Uno de esos casos fue el de Tomás Herrera, quien asumió la Presidencia en 1854 tras el golpe de Estado liderado por José María Melo contra José María Obando. Con Bogotá bajo el control de los rebeldes, estableció el gobierno constitucional en Ibagué. Desde ese lugar del país ejerció el poder entre abril y agosto de ese año.
Tras la salida de Herrera, José de Obaldía continuó gobernando desde Ibagué mientras se mantenía la crisis política. Solo después de la derrota de Melo, el gobierno regresó a Bogotá y Obaldía entregó el poder en 1855.
Años más tarde, durante otra guerra civil, Juan José Nieto fue proclamado presidente provisional por el gobierno liberal. Ejerció la Presidencia desde Barranquilla y Cartagena mientras enfrentaba a la Confederación Granadina. Además, es recordado por ser el único presidente afrodescendiente de Colombia.
¿Teletrabajo?
El cuarto caso corresponde a Rafael Núñez, quien debido a problemas de salud despachó durante largas temporadas desde su residencia en El Cabrero, en Cartagena. Desde allí continuó tomando decisiones, entre ellas el impulso de la Constitución de 1886, que rigió al país durante más de un siglo.
Finalmente, Manuel Antonio Sanclemente trasladó la sede del Gobierno a Anapoima, Tena y Villeta debido a su delicado estado de salud. Sin embargo, en 1900 fue derrocado por un golpe encabezado por su vicepresidente, José Manuel Marroquín.

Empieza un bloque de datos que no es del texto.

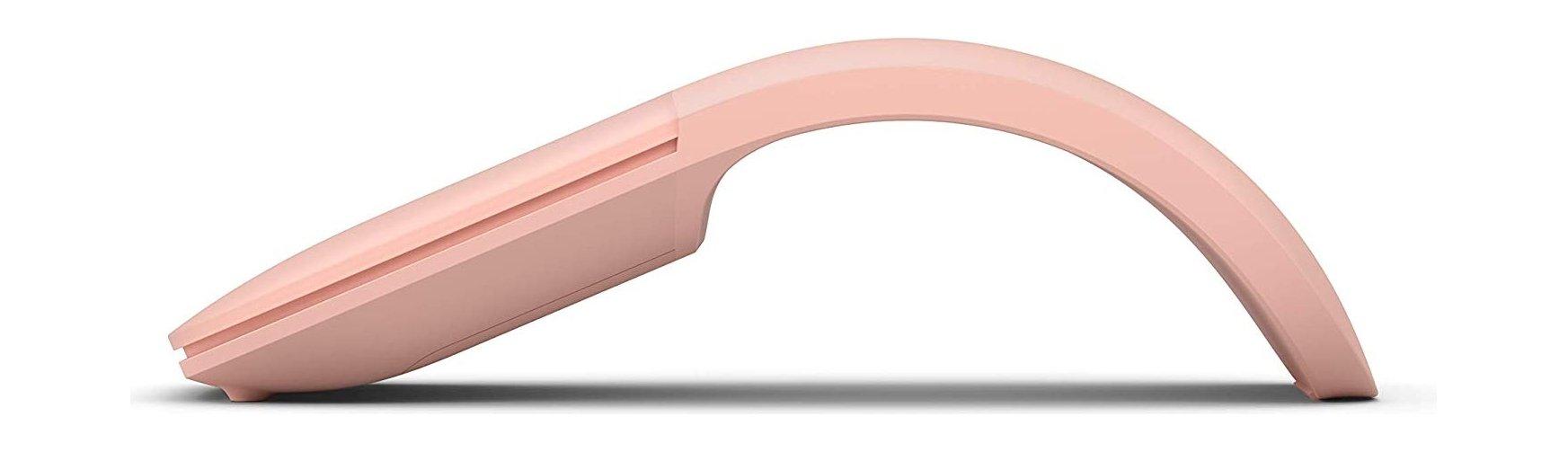 ماوس لاسلكي ميكروسوفت أرك - وردي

De La Espriella anunció sedes de la Presidencia
Este tema tomó relevancia por el anuncio del presidente electo Abelardo De La Espriella, quien confirmó que la Presidencia no despachará exclusivamente desde Bogotá. De La Espriella aseguró que su Gobierno contará con tres sedes, entre ellas Cali. La decisión revivió un capítulo poco conocido de la historia colombiana.